CT Case No: 38/CR/Apr12 (016907)

In the matter between:

SASOL CHEMICAL INDUSTRIES LIMITED                                                          APPLICANT

and

OMNIA GROUP (PTY) LIMITED                                                                        RESPONDENT

In re:

The complaint referral between:

OMNIA GROUP (PTY) LIMITED                                                                             APPLICANT

and

SASOL CHEMICAL INDUSTRIES LIMITED                                                     RESPONDENT

 

Panel:                          Norman Manoim (Presiding Member)

                                     Yasmin Carrim (Tribunal Member)

                                     Medi Mokuena (Tribunal Member)

Heard on:                    3 December 2013

Order issued on:         18 December 2013

Reasons issued on:    18 December 2013

REASONS FOR THE DECISION IN APPLICATION FOR SEPARATION

Introduction

In this matter we have to decide whether an application brought by Sasol Chemical Industries Limited (“SCI”) being the respondent in main case, to have an issue separated for prior consideration should be granted.

[1] On 5 April 2Q12, the Omnia Group (Pty) Ltd (“Omnia”) referred a complaint against SCI to the Tribunal, following the Competition Commission’s decision to decline to refer any complaint against SCI to the Tribunal.

[2] In its referral Omnia alleges three specific complaints against SCI arising from a supply agreement for ammonia that it had concluded with SCI in May 1996. In brief Omnia alleges:

1.   Excessive pricing of ammonia charged to Omnia by SCI for the period May 2006 to December 2008 in contravention of section 8(a) of the Competition Act 89 of 1998 (“Act”) (“the excessive pricing complaint”);

2.   Price discrimination in ammonia prices charged to Omnia and AECI/AEL by SCI for the period January 2008 to December 2008 in contravention of section 9(1), in that SCI is alleged to have charged AECI/AEL a lower price than that charged to Omnia (“price discrimination complaint”);

3.   A catch-all allegation of exclusionary conduct by SCI in contravention of section 8(c) and/or S8(d) that impeded Omnia from expanding within the markets for the supply of limestone ammonium nitrate and ammonium nitrate solution as well as other nitrogen-based fertilizers during the period May 2006 to December 2008 by failing and/or refusing to negotiate a revised ammonia price for a period of 30 months as well prohibiting Omnia from purchasing from other suppliers or importing ammonia during that period (“exclusionary conduct”).

[3] SCI brought this application before the Tribunal for an order to separate the following issue, referred to by it as a “question of law”, from the remaining issues in the referral proceedings, and to require us to rule on this aspect first:

As a matter of law, can a price agreed pursuant to a long term contractual formula, with pricing reviews, that is not excessive at the time that it was

negotiatedbecome excessive at a iater point in time, namely the complaint period?” (“Separated Question”)

[4] The long-term contractual relationship between the firms for the supply of ammonia is summarised as follows[1]:

1.   The parties entered into a long-term supply agreement for the supply of ammonia in May 1996;

2.   This agreement aimed to approximate Omnia’s import alternatives for ammonia through the use of a contractual pricing formula based on the import parity price of un-dumped ammonia imports;

3.   The contractual formula accounted for two key components in replicating IPP, namely the ammonia prices FOB from the relevant global sources of ammonia supply and the applicable freight rates for ammonia to be delivered to South Africa from these locations.

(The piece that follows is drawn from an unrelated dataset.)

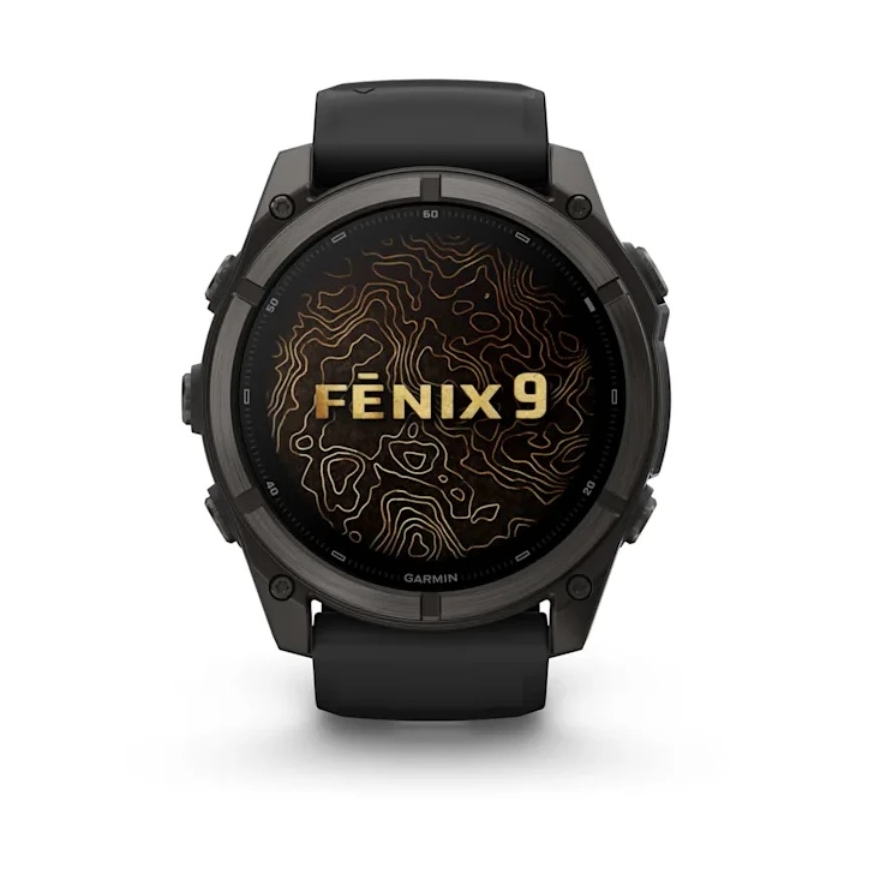 Išmanusis laikrodis Garmin fēnix® 9 – 51mm, Tamsiai pilkas, DLC titanas, su juodu silikoniniu dirželiu | 010-04763-11 – 2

These components of the contractual formula were then weighted, utilising Omnia’s actual imports at the time that the supply agreement was concluded;

4.   A discount was then applied to the contractual formula;

5.   The contractual formula was subjected to an annual review mechanism;

6.   The agreement itself contained termination provisions for either party on two years written notice [2]

[5] SCI contends that the price it charged Omnia, for purposes of its referral, is the contract formula, as amended and applied and not the monthly amount required as payment from Omnia, which Omnia contends. SCI submits that it is this conceptual dispute between the parties in the referral which should be separated from the other issues in the referral and be determined by the Tribunal prior to it hearing the remainder of the case.[3]

[6] SCI’s rationale for the separation is that such separation will streamline the resolution of the issues in the referral proceedings by providing clarity as to the nature and extent of evidence that is required to be led before the Tribunal, or, if we were to decide the separated issue in its favour, by disposing altogether of the most complex and evidence-intensive claim against SCI, namely that for excessive pricing.[4]

[7] SCI argues that the separated question is capable of separation due to the fact that it is purely a question of law that can be determined by legal argument. Yet it concedes that the issue would require some consideration of the facts but submits that it could be determined by a limited recourse to the common cause facts contained in the founding, answering and replying affidavits regarding the contractual supply relationships between SCI and Omnia.[5] No hearing of further evidence is necessary.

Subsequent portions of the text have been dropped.